In writing this Language of Stone Blog, I have been recording my visits to various places where the geology, landscape and historic stone built architecture are the main attractions – and which reflect the kind of places that I like to visit as a tourist when abroad. To date, although proposed collaborations with colleagues in Spain and Italy - who have similar interests in Geoheritage and tourism - have not yet materialised in practice, my involvement with the Sheffield U3A Geology Group has continued to lay the foundations for these.
During my two trips to Leeds in the latter half of 2018, I identified Leeds Central Library and Leeds Minster as two ‘anchor points’ around which I thought a full day out to explore the ‘Building Stones of Leeds’ could be organised for this group, as I had done in Sheffield earlier in the year. Using The Building Stone Heritage of Leeds as a guide, I finished off my last trip by having another look at some of the buildings on and near to The Headrow, as described in Walk 1.
The massive Town Hall, opened in 1858, was designed as a matter of civic pride to be grander than its neighbouring rivals in the wool trade - Bradford, Halifax and Huddersfield – and uses various local sandstones from the Millstone Grit, including the very coarse variety of the Rough Rock from Bramley Fall that has been used in Kirkstall Abbey and numerous historic buildings in Leeds.
The columns to the south front are built of a much finer grained variety of Millstone Grit – the renowned Darley Dale stone from the Stancliffe Quarry near Matlock in Derbyshire. Although I have not seen any documentary evidence in support, the frieze sculpture and other details here look like they are carved from very similar sandstone.
Flanking the front elevation of the Town Hall, four large Portland stone lions set on vermiculated Rough Rock plinths are well worth looking at in detail. These were added in 1867 but, unlike the similar carved gritstone lions in Saltaire that were installed two years later, they have weathered extremely badly over the years and, in one of the lions, this is emphasised by its advanced decay compared to a nodule of chert, which quite unusually is embedded in the limestone.

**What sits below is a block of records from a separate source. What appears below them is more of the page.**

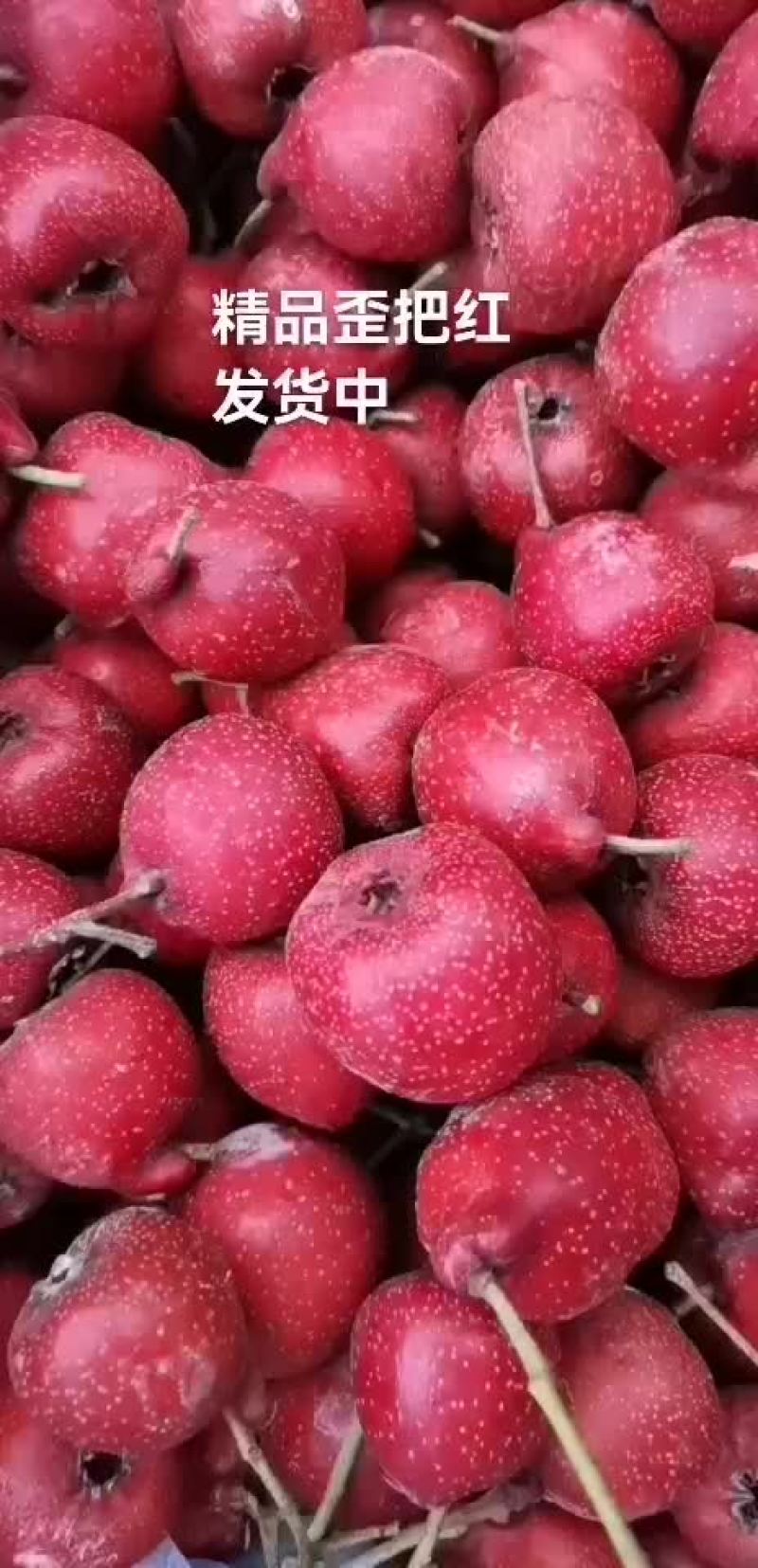歪把红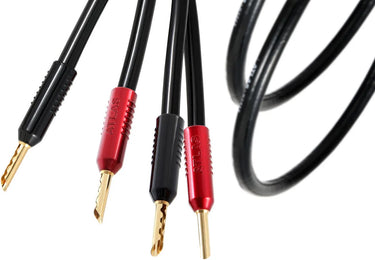 Atlas Hyper Achromatic Z 3.5 Banane (10 m) - EasyLounge - 4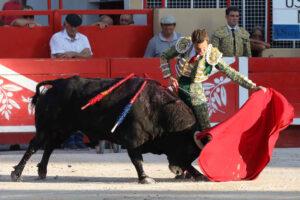 24 08 30 ST GILLES CHICOT (268)
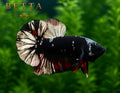 LIVE MALE BETTA / BLACK COPPER HMPK #ML0853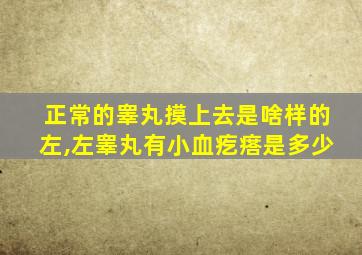 正常的睾丸摸上去是啥样的左,左睾丸有小血疙瘩是多少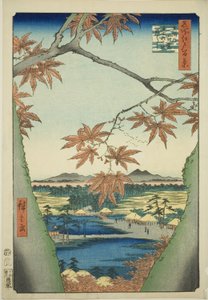 Maple Trees at Mama, Tekona Shrine and Tsugi Bridge, from the series "One Hundred Famous Views of Edo" by Utagawa Hiroshige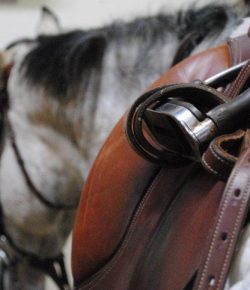 #TBT: 6 Ways to Participate In No-Stirrup November (Without Creating Sore-Back December)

Very high levels of atmospheric pollution were once an undesirable by product of the industries in cities and large towns in northern England, with their buildings being attacked by acid rain and encrusted in soot. Although the Carboniferous sandstones used in Leeds – as well as terracotta, faience and brick - have been resistant to the sulphurous pollutants, various limestones used in Leeds have not fared well.
A short distance along The Headrow, the modern extension to Leeds Art Gallery is built out of Crosland Hill sandstone, a medium grained variety of Rough Rock from Huddersfield that contrasts strongly with the stone used in the Town Hall.
Next door at the Henry Moore Institute, the front elevation is clad in an incongruous polished igneous rock from Quebec in Canada – a granodiorite that looks dark green in colour when seen up close, rather than black as seen at a distance.
I ended my day with a quick exploration of Millennium Square, where the Portland limestone Leeds Civic Hall and Leeds City Museum, built out of a very coarse grained Rough Rock from Horsforth, deserve much closer examination.